SAR and QSAR in Environmental Research ( IF 2.3 ) Pub Date : 2021-04-07 , DOI: 10.1080/1062936x.2021.1902387 S. Wang 1 , M. Cheng 1 , L. Zhou 1 , Y. Dai 1 , Y. Dang 1 , X. Ji 1
ABSTRACT
Linear and nonlinear quantitative structure–property relationship (QSPR) models were developed based on a dataset with 65 polymer-solvent combinations. Seven quantum chemical descriptors, dipole moment, hardness, chemical potential, electrophilicity index, total energy, HOMO and LUMO orbital energies, were calculated with density functional theory at the B3LYP/6-31 G(d) level for polymers and solvents. Considering the strong correlation between intrinsic viscosity and weight, size, shape as well as topological structure of polymers and solvents, topological descriptors were also applied in this work. Meanwhile, the most appropriate polymer structure representation was investigated by considering 1–5 monomeric repeating units. The molecular descriptors were first screened by using the genetic algorithms-multiple linear regression (GA-MLR), with coefficient of determinations () of 0.78 and 0.83 for the training set and the prediction set, respectively. The support vector machine model (SVM) model based on the selected descriptors subset showed a value of 0.95 for the training set and 0.93 for the prediction set.

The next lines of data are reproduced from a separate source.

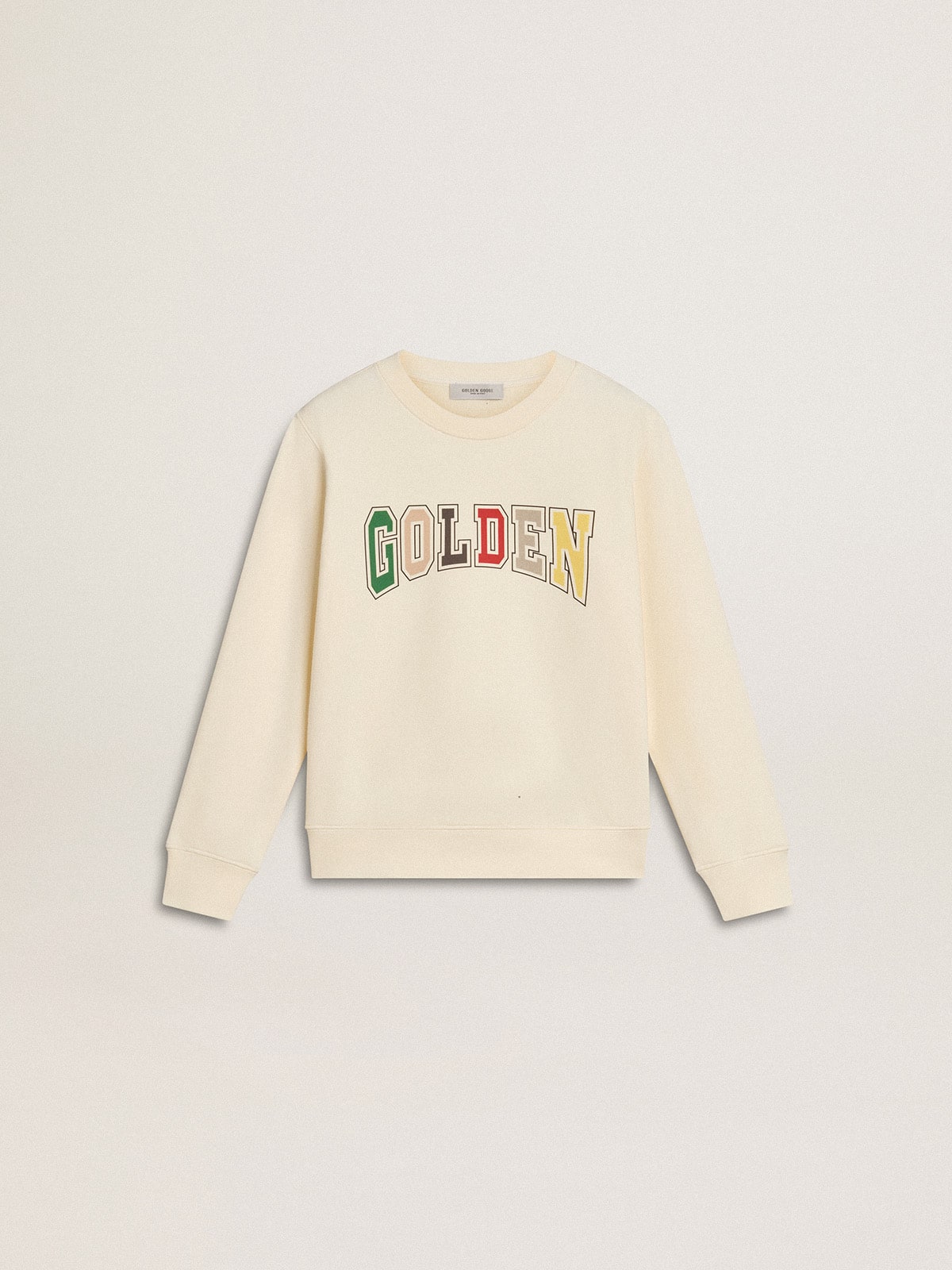 Golden Goose Sweatshirt in aged white with multicolor Golden lettering on the front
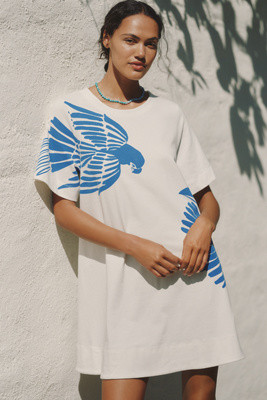 Celandine Graphic Short-Sleeve Mini Swing Dress | Anthropologie (US)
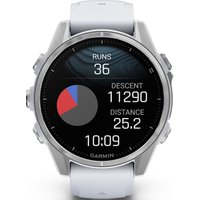 Умные часы Garmin Fenix 8 43мм (серебристый, белый ремешок)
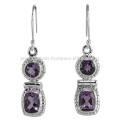 Antique Design 925 Sterling Silver & Amethyst Hoop Earring for All Occasion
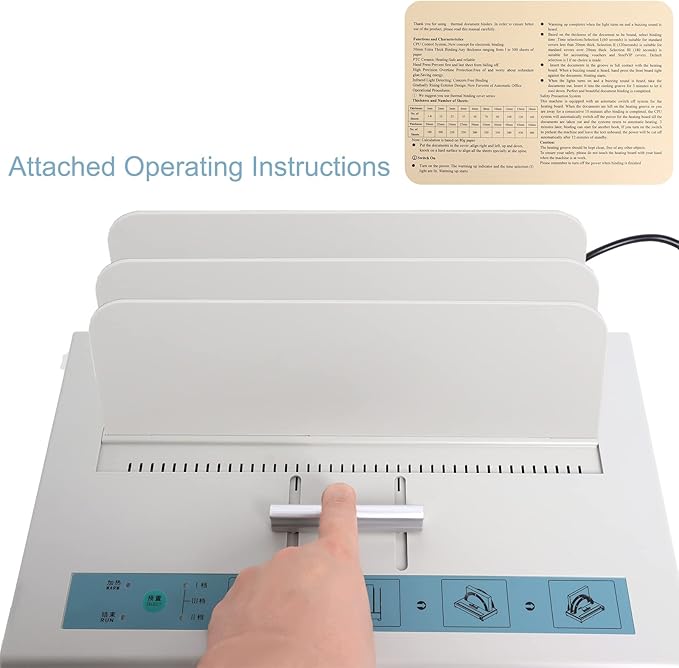 Thermal Binding Machine 500 Sheets Capacity Book Binding Material 110V Binding Machine A3(Short Edge)/A4/A5 Document Heat Binder with 10Pcs Covers (White)
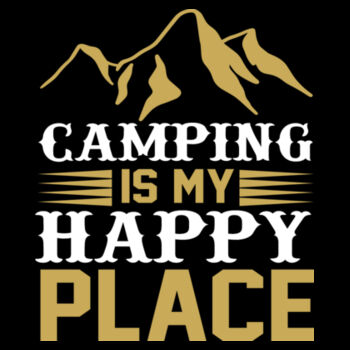 Camping Is My Happy Place - Unisex Premium Cotton Long Sleeve T-Shirt Design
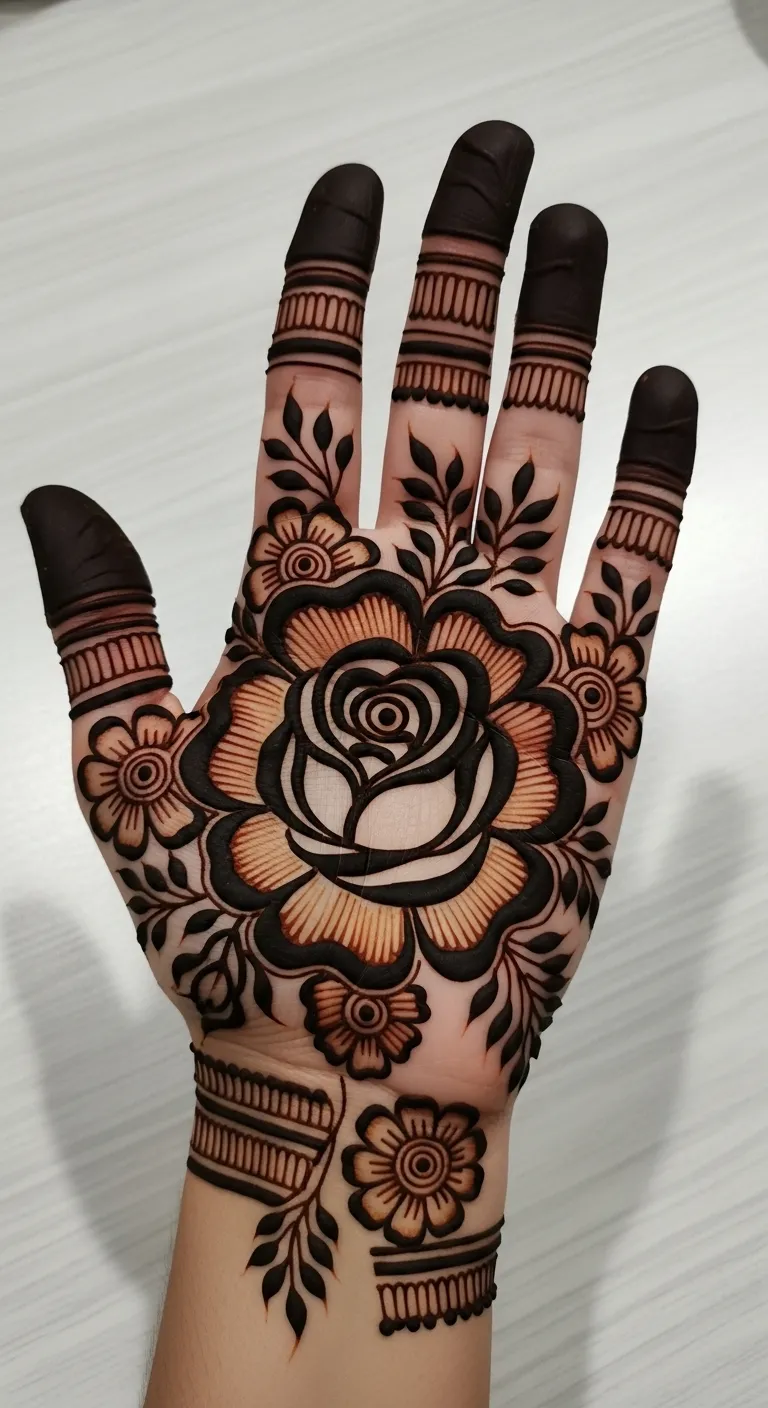 Arabic rose mehndi design with bold thick outlines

All statistical results suggest that the established QSPR models have good predictability. Furthermore, a new test set obtained from the literature was used for further validation. The values were 0.81 for the MLR model and 0.90 for the SVM model.
中文翻译:
基于密度泛函理论的聚合物-溶剂组合特性粘度的QSPR建模
摘要
基于具有65种聚合物-溶剂组合的数据集,开发了线性和非线性的定量结构-性质关系(QSPR)模型。使用密度泛函理论在聚合物和溶剂的B3LYP / 6-31 G(d)水平上计算了七个量子化学描述符,即偶极矩,硬度,化学势,亲电指数,总能量,HOMO和LUMO轨道能。考虑到特性粘度与聚合物,溶剂的重量,尺寸,形状以及拓扑结构之间存在很强的相关性,因此在此工作中也使用了拓扑描述符。同时,通过考虑1-5个单体重复单元,研究了最合适的聚合物结构表示形式。首先使用遗传算法-多元线性回归(GA-MLR)筛选分子描述子,分别为训练集和预测集的0.78和0.83)。基于所选描述符子集的支持向量机模型(SVM)模型显示了训练集的预测值为0.95,预测集的预测值为0.93。所有统计结果表明,已建立的QSPR模型具有良好的可预测性。此外,从文献中获得的新测试集用于进一步验证。这 对于MLR模型,该值为0.81;对于SVM模型,该值为0.90。